The required output is a number: how many lines of the data below include the string "Restaurant".

Recorded information START

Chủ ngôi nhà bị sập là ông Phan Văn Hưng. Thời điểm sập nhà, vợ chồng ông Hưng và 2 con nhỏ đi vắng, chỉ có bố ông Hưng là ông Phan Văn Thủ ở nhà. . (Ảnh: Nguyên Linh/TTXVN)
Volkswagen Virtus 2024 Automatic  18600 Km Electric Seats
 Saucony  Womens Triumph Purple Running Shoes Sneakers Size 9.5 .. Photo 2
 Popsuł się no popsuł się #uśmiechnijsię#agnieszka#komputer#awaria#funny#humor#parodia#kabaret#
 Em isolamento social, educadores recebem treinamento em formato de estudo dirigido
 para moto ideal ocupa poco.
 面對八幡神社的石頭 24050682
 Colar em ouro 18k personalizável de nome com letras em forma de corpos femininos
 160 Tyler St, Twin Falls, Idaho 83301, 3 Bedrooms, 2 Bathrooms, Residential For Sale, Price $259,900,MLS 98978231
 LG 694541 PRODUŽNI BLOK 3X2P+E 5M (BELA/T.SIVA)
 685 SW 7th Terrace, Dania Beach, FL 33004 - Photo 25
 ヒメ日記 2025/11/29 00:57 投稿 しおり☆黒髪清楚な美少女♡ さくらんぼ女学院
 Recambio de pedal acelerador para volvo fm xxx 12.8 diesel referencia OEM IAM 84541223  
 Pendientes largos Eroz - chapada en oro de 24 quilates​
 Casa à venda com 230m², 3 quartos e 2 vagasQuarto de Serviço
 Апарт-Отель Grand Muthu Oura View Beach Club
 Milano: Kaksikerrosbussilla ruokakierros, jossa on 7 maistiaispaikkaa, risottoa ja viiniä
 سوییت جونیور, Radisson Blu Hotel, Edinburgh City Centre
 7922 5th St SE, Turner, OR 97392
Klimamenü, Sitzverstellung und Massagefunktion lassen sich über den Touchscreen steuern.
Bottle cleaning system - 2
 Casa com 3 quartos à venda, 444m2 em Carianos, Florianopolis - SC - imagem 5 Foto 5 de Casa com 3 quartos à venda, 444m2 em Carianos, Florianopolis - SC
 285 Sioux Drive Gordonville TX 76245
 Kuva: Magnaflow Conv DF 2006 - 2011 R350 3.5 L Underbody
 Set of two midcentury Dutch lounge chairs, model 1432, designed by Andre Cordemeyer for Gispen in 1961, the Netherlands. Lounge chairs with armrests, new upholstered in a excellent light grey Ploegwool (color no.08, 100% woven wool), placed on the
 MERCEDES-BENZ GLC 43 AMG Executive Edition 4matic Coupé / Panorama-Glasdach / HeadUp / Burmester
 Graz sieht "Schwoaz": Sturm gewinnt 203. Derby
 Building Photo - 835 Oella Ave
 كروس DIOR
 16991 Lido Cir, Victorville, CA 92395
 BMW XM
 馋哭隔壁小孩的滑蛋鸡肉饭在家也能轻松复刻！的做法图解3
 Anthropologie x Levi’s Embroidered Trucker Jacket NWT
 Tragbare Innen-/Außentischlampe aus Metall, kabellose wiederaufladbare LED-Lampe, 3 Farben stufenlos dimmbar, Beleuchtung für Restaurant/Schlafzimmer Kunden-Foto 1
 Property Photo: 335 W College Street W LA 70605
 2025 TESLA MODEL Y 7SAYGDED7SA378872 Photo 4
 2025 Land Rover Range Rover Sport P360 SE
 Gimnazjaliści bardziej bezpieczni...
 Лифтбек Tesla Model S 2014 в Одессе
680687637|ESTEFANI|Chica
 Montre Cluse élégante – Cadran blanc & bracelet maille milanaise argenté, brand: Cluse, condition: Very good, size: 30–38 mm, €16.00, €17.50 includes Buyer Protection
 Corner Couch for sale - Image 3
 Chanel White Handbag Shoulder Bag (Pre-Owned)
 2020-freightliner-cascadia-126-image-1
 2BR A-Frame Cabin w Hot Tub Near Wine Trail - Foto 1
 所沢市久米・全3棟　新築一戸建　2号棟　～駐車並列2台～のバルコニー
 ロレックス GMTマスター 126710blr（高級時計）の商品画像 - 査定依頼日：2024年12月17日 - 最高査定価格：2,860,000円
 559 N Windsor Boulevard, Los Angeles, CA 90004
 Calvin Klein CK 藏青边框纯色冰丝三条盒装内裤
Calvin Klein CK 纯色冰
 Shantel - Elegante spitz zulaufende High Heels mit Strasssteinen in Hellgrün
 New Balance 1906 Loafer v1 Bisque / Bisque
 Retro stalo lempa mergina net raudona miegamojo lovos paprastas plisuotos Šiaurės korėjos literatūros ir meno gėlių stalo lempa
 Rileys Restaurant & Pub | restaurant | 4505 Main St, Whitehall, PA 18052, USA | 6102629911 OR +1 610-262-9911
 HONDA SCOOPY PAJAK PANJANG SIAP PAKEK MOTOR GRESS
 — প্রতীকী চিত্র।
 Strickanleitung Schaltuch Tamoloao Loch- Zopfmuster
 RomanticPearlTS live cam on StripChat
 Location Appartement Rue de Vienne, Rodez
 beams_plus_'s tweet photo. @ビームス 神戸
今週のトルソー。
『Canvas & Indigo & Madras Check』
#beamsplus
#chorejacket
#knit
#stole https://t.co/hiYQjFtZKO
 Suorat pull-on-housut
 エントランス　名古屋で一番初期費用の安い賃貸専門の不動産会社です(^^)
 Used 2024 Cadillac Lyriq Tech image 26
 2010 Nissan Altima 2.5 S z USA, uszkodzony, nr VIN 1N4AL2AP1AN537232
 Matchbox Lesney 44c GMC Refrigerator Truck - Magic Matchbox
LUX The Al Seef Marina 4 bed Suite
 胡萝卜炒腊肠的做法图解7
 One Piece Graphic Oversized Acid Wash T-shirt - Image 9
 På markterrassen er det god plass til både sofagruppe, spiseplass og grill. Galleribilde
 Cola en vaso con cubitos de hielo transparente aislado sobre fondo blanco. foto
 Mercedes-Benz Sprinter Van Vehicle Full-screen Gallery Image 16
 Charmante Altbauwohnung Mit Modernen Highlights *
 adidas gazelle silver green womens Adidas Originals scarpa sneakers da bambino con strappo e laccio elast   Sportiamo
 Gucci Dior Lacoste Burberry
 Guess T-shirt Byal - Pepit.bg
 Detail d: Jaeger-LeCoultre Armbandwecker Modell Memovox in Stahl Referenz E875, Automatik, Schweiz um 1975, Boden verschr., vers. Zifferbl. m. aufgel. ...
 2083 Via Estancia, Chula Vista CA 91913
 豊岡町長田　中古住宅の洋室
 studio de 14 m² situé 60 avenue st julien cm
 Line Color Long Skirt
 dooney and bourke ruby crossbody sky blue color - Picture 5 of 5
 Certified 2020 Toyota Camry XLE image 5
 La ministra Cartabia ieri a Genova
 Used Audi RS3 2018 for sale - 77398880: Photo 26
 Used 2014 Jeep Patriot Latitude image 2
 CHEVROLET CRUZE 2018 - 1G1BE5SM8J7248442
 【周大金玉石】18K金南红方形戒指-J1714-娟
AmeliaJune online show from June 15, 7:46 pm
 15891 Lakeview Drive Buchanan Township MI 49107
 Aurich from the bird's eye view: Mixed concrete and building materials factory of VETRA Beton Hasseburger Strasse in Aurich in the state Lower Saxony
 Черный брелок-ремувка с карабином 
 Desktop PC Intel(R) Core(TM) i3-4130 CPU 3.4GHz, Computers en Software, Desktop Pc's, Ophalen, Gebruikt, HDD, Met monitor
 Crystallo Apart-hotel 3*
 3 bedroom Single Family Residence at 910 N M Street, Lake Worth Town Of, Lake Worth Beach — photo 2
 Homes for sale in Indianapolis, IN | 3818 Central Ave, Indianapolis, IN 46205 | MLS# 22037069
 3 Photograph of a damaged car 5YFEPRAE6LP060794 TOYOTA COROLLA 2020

Recorded information END

**The completed task:**
2